The design and cryptanalysis of post-quantum cryptographic signature schemes are major challenges for modern cryptography. This thesis examines some signature schemes based on multivariate cryptography and their cryptanalysis. We focus on the Unbalanced Oil and Vinegar (UOV) digital signature scheme and its variants. UOV is to date the most robust multivariate signature scheme, while also achieving the shortest signatures among post-quantum algorithms. Geometrically, the UOV trapdoor is a linear subspace of large dimension included in the algebraic set defined by the public key equations.

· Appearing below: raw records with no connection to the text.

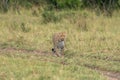 Leopard walks through the tall grass, Masaai Mara Kenya Africa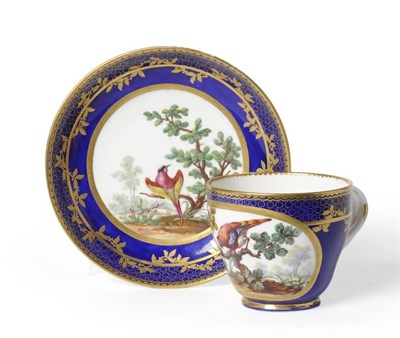 Lot 119 - A Sèvres Porcelain Coffee Cup and Saucer, circa 1764, painted in colours with exotic birds in...
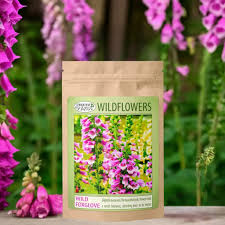 Image result for Digitalis purpurea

Our approach is geometric by nature. First, we prove that, given a single vector in the secret trapdoor, the key recovery problem can be solved in polynomial time. Next, following previous work by Beullens, Castryck and Luyten, we show that the algebraic varieties defined by UOV polynomials are singular, and provide a lower bound on the dimension of the intersection of the singular locus with the secret subspace. This body of results, combined with extra geometric properties, allows us to identify weaknesses in UOV variants submitted to NIST, such as the ^+ structure and VOX. We also leverage subfield structure to obtain a practical cryptanalysis of VOX parameters submitted to NIST.
All these contributions come with open source implementations, some of them yielding attacks that can be run in a few seconds on some standard commercial laptop.